Science Links of the Week

Easter Island. Photo: Shutterstock

A passion for the natural world drives many of our adventures. And when we’re not actually outside, we love delving into the discoveries about the places where we live and travel. Here are some of the best natural history links we’ve found this week.

Genetic study reveals how ancient seafarers settled Polynesia: The islands of Polynesia were the last habitable region to be settled by humans. New genetic research has revealed how and when the migrants settled. They moved to Samoa first and Rapa Nui — commonly known as Easter Island — last or almost last. From Samoa, they spread to Fiji, Tonga, and Rarotonga in the 9th century. Much later, in the 13th century, they continued to Rapa Nui and Raivavae.

Glow-in-the-dark gophers

Pocket gophers glow in the dark: Ultraviolet biofluorescence is widespread in fish, amphibians, birds, and plants. It is far less common among mammals. We can now add pocket gophers to the shortlist of glow-in-the-dark mammals. Researchers tested four species of these gophers. Under UV light, all individuals’ abdomens fluoresced bright orange pink. Their backs were slightly duller. Some also glowed blue around their mouths.

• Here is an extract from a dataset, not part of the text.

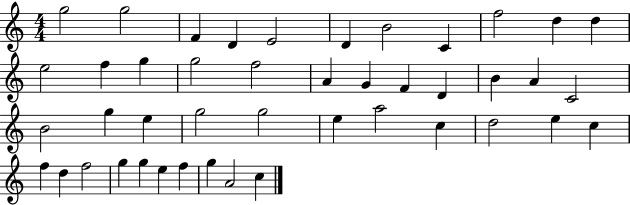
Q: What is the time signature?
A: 4/4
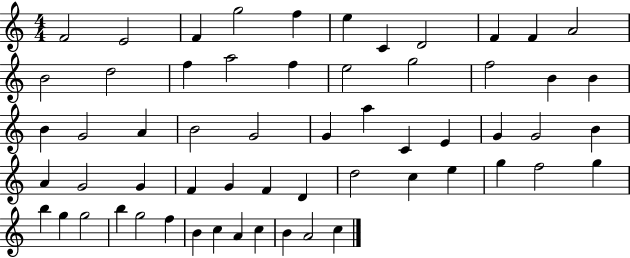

Pocket gophers glow in the dark. Photo: Pynne et al

Climate change threatens the polar ocean’s food web: Polar oceans host some of the largest food webs on earth. The base of the marine food web is microscopic phytoplankton. In colder water, the phytoplankton are eukaryotic, which means that their cells have a distinct nucleus. As water temperatures rise, the prokaryotic phytoplankton (without nuclei) that occur in warmer waters could replace them. “Prokaryotes are not capable of producing all the juicy proteins and lipids that eukaryotes can,” says marine microbiologist Thomas Mock. This would have huge consequences for the entire arctic food web.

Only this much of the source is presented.